The U.S. Senate Banking Committee is scheduled to hold a markup vote on January 15, 2026, on sweeping cryptocurrency market structure legislation that could determine whether comprehensive digital asset regulation advances to the full Senate this year.
The vote represents a pivotal procedural step. If approved in committee, the bill would move closer to becoming the first unified federal framework governing crypto markets in the United States.
What the Crypto Market Structure Bill Seeks to Do
The legislation, known in the House as the Digital Asset Market Clarity Act (CLARITY Act), is designed to resolve long-standing regulatory uncertainty by clearly dividing oversight responsibilities between U.S. financial regulators.
Under the proposal, the Commodity Futures Trading Commission would gain primary authority over digital commodities such as Bitcoin, while the Securities and Exchange Commission would continue supervising digital assets that meet the definition of securities.

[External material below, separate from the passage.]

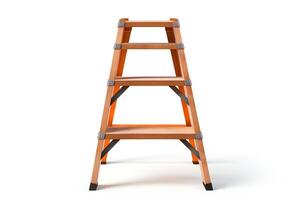 A stepladder is a portable ladder that is typically used for light tasks around the house photo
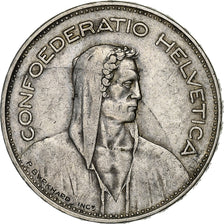 Svizzera, 5 Francs, 1935, Bern, Argento, BB, KM:40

A central feature of the bill is a control-based maturity framework, which evaluates whether a digital asset remains under centralized control or has achieved sufficient decentralization to be treated as a commodity rather than a security.
Rules for Exchanges, Brokers, and Dealers
Beyond asset classification, the bill introduces standardized registration and compliance requirements for crypto intermediaries, including exchanges, brokers, and dealers. These rules mirror protections found in traditional financial markets and aim to strengthen investor safeguards and market integrity across the digital asset sector.

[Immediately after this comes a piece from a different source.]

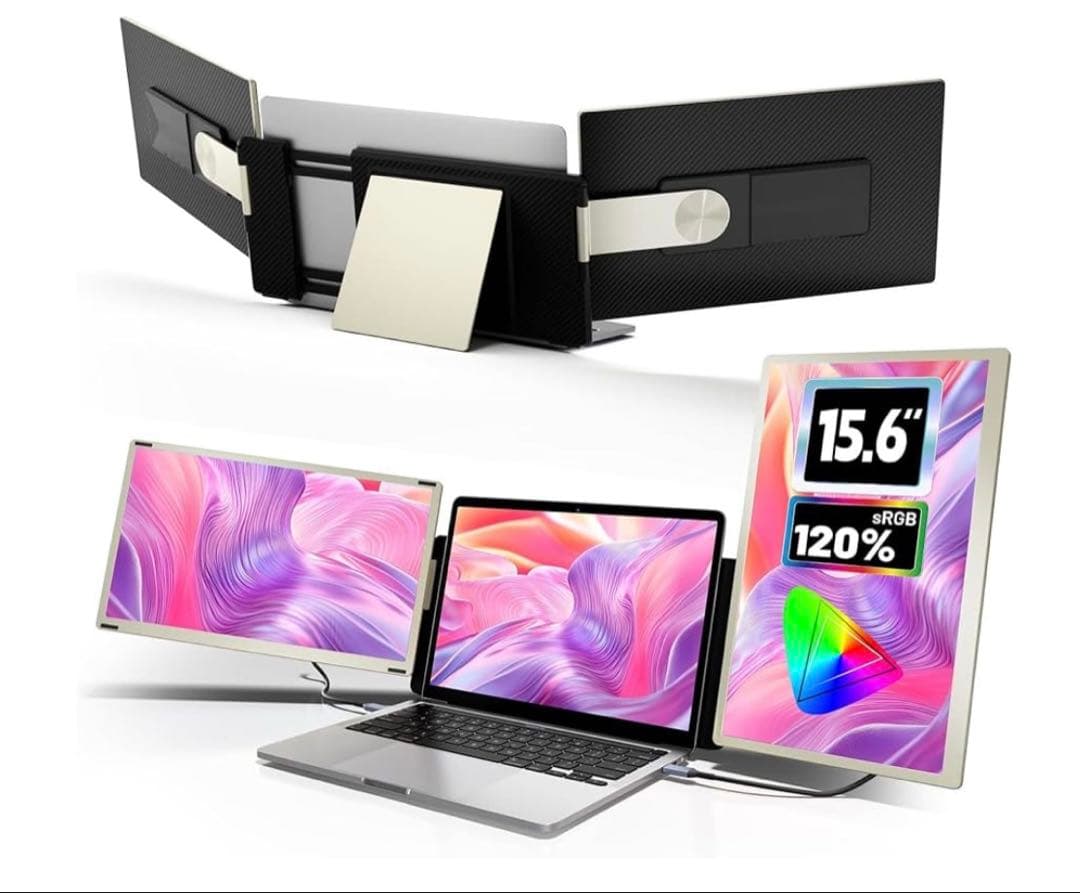 LGGST S6 トリプルモニター ポータブルモニター 15.6インチ　新古品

The legislation is also structured to align with the previously passed GENIUS Act, which established federal standards for payment stablecoins backed one-to-one by U.S. dollars or similarly liquid assets.

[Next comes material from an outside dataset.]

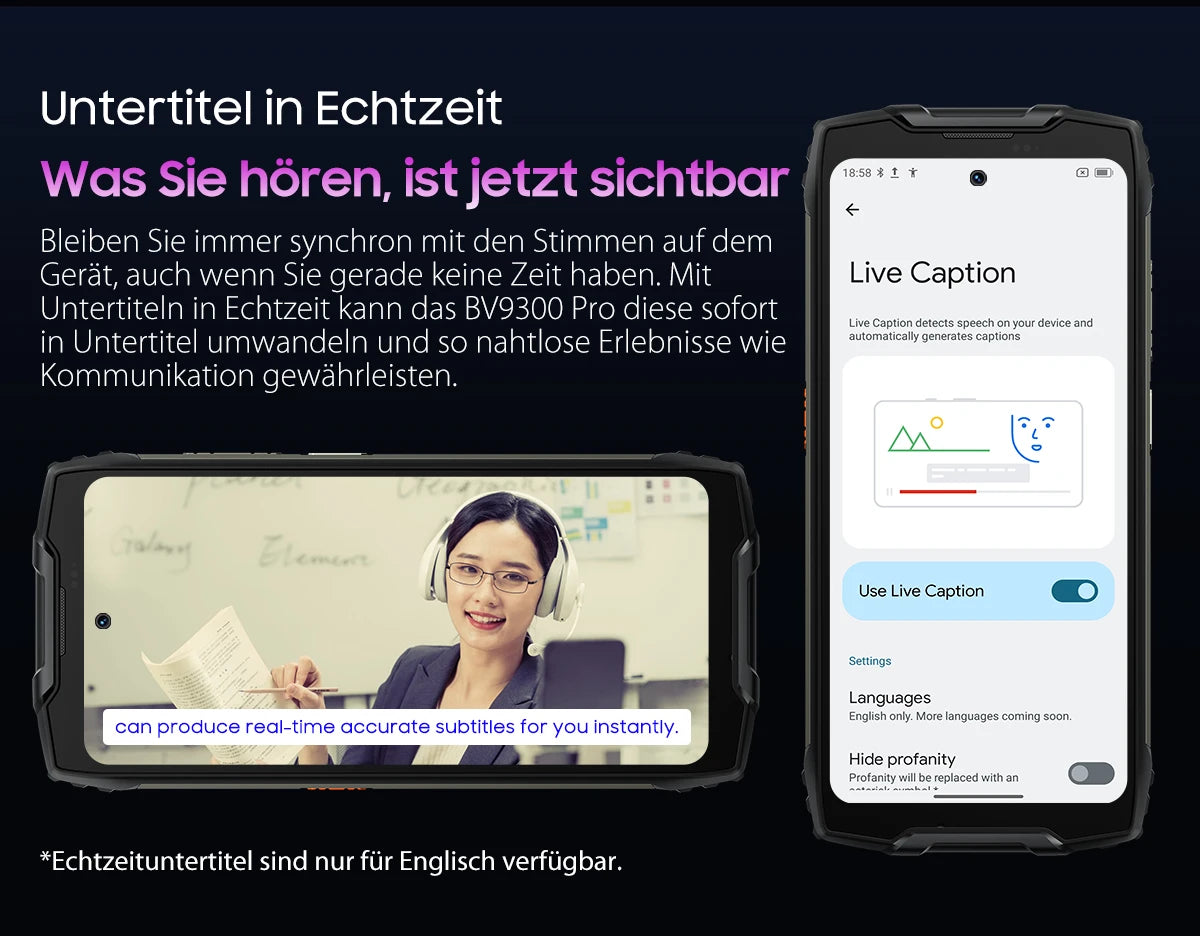 Blackview BV9300 Pro Deutsch Visual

Bipartisan Support Still in Question
Despite active efforts by Committee Chairman Tim Scott to build bipartisan consensus, support for the bill remains uncertain ahead of the markup vote.
Key unresolved issues include how decentralized finance (DeFi) protocols should be treated under federal law and whether crypto platforms should be permitted to offer interest or yield on stablecoin deposits. These points have generated friction among lawmakers and industry stakeholders alike.
Why January 15 Is a Make-or-Break Moment
The timing of the markup adds urgency. Lawmakers are working against a potential federal government shutdown deadline on January 30, making the January 15 vote a critical inflection point.
Approval in committee would signal that Congress is capable of advancing comprehensive crypto legislation in 2026. Failure, however, could delay meaningful regulatory clarity for another legislative cycle.
For the crypto industry, the outcome of this vote will serve as one of the clearest indicators yet of whether the U.S. is prepared to establish a durable, long-term framework for digital asset markets.